One of the worst parts of the current health care system is its sheer complexity. Because most of the payments are made by third parties, the paperwork burden is enormous. Co-pays, deductibles, ever-shifting networks, and so on.

Unfortunately, that complexity is about to get a lot worse because of this year’s health care bill. Check out this flow chart (right) of what the health care system will look like once Obamacare is implemented. You can also download a PDF version of the chart that allows you to zoom in more closely. It’s worth taking a few minutes to look at all the agencies and bureaucracies in greater detail.
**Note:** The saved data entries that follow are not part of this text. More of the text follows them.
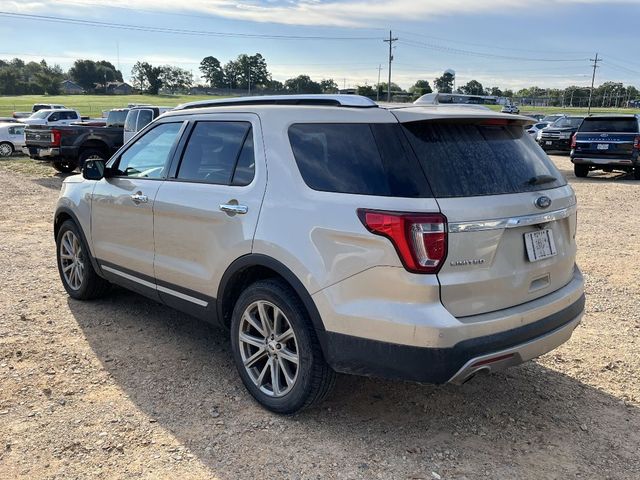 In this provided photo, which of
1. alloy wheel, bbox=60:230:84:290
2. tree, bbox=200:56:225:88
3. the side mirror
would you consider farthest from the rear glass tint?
tree, bbox=200:56:225:88

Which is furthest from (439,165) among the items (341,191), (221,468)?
(221,468)

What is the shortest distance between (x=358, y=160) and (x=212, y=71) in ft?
343

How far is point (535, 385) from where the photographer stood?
12.9ft

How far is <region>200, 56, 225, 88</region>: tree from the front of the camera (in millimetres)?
94000

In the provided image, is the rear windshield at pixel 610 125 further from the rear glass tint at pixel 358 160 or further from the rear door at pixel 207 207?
the rear glass tint at pixel 358 160

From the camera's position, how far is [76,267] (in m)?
5.41

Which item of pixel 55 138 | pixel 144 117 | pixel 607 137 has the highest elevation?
pixel 144 117

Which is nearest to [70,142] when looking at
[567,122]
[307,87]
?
[307,87]

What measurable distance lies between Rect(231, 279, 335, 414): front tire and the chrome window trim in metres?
0.98

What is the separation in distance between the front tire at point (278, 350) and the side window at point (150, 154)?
4.61 feet

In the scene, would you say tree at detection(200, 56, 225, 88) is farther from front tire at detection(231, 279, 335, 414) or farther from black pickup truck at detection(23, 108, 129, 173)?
front tire at detection(231, 279, 335, 414)

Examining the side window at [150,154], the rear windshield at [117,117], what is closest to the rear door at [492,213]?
the side window at [150,154]

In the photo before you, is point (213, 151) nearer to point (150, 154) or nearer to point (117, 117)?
point (150, 154)

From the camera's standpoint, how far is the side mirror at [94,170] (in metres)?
4.76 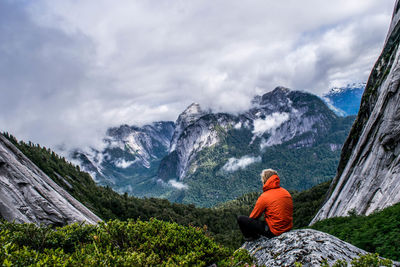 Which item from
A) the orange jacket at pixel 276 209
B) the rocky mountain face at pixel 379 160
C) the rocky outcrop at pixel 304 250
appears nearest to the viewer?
the rocky outcrop at pixel 304 250

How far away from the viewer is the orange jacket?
34.1ft

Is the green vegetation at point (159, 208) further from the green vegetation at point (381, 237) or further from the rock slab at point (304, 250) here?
the green vegetation at point (381, 237)

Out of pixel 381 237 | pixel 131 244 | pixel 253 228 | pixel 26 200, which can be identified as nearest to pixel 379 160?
pixel 381 237

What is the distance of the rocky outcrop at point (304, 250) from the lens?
7671mm

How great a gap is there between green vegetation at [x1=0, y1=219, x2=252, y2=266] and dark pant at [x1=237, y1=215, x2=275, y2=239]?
2.21 m

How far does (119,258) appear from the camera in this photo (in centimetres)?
650

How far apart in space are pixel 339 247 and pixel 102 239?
8.67 meters

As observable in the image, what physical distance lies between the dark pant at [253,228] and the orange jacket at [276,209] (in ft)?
1.12

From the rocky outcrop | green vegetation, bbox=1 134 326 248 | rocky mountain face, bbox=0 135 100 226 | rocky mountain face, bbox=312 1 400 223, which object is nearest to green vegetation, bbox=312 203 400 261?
the rocky outcrop

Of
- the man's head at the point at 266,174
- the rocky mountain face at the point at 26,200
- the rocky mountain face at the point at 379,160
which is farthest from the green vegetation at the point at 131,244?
the rocky mountain face at the point at 379,160

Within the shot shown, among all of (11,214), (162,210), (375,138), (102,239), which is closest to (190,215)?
(162,210)

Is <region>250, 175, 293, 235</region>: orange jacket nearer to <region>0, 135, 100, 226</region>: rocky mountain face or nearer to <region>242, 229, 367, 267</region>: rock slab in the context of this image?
<region>242, 229, 367, 267</region>: rock slab

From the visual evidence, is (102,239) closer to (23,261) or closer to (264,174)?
(23,261)

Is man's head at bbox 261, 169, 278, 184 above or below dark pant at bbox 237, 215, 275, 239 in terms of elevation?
above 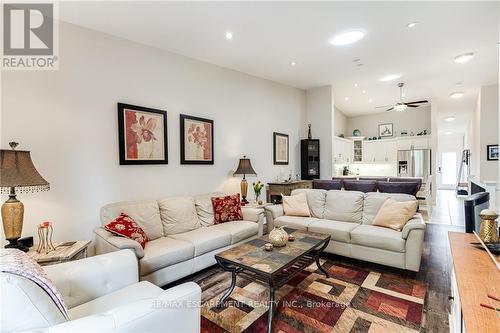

This chart was released by Rep. Kevin Brady, a partisan Republican. But whatever your politics, you should be wary of any scheme as grandiose as Obamacare. This represents a re-ordering of one sixth of the American economy.And not only is the government tasked with making this flow chart flow smoothly. It is also tasked with fighting two land wars in Asia. With delivering the mail. With developing new energy technologies. With overhauling the nation’s entire financial system. No organization can do all those things and do them well. Doesn’t matter how talented and well-meaning the people behind it are. It is beyond the limits of anyone’s ability to plan.

As Dan Mitchell points out, real health care reform would have just two parties to most transactions: buyer and seller.

There are two other things I’d like to see. One is that health insurance should not be linked to your job. Under both the current system and Obamacare, if you lose your job, you lose your insurance at exactly the time you need it most. This can be done by treating employer-provided insurance exactly the same as individual insurance in the tax code. Employer-provided insurance is currently given special treatment.

Real reform would also fundamentally change the way we use health insurance. The purpose of insurance is to insure against unexpected risks. Your annual physical does not fit that description. Having insurers pay for routine, expected expenses is like using your auto insurance to pay for a tank of gas and a car wash. No wonder premiums are so high. Health insurance isn’t really insurance. It’s pre-paying for your health care. And it also has one whopper of a principal-agent problem that explains a large portion of why health costs are so shockingly high.

Reason’s Ron Bailey, in an “I told you so” article today, points out that Senate Democrats are poised to support a bill that would give the federal government the power to regulate insurance rates.  He was referring to a NYT articleburied on page A12 — that said that Senator Tom Harkin, the chairman of the Senate health committee, was going to push for a bill, possibly one introduced by Senator Dianne Feinstein, that would give the Secretary of Health and Human Services the power to block rate increases “found to be unreasonable.”

Here’s what the California senator had to say about her bill:

Mrs. Feinstein said her bill would close what she described as “an enormous loophole” in the new law. And she said health insurance should be regulated like a public utility.

“Water and power are essential for life,” Mrs. Feinstein said. “So they are heavily regulated, and rate increases must be approved. Health insurance is also vital for life. It too should be strictly regulated so that people can afford this basic need.”

Looks like the Dems are really pushing their agenda to expand the list of “basic needs” that the federal government has to regulate – read that as take over. Better check out Maslow for what comes next.

A dying patient in the UK’s NHS made the news after nurses refused to bring him a glass of water, despite his repeated begging. He died soon after of pneumonia. It really is a terrible story.

Had that poor soul lived in Arizona, he might not have had that problem. In that fine state, it is against the law to refuse someone a glass of water if you have any to spare.

As the U.S. slowly but surely hands its health care sector over to government, and NHS horror stories repeat themselves on this side of the Atlantic, this may become a more pressing issue than one would expect.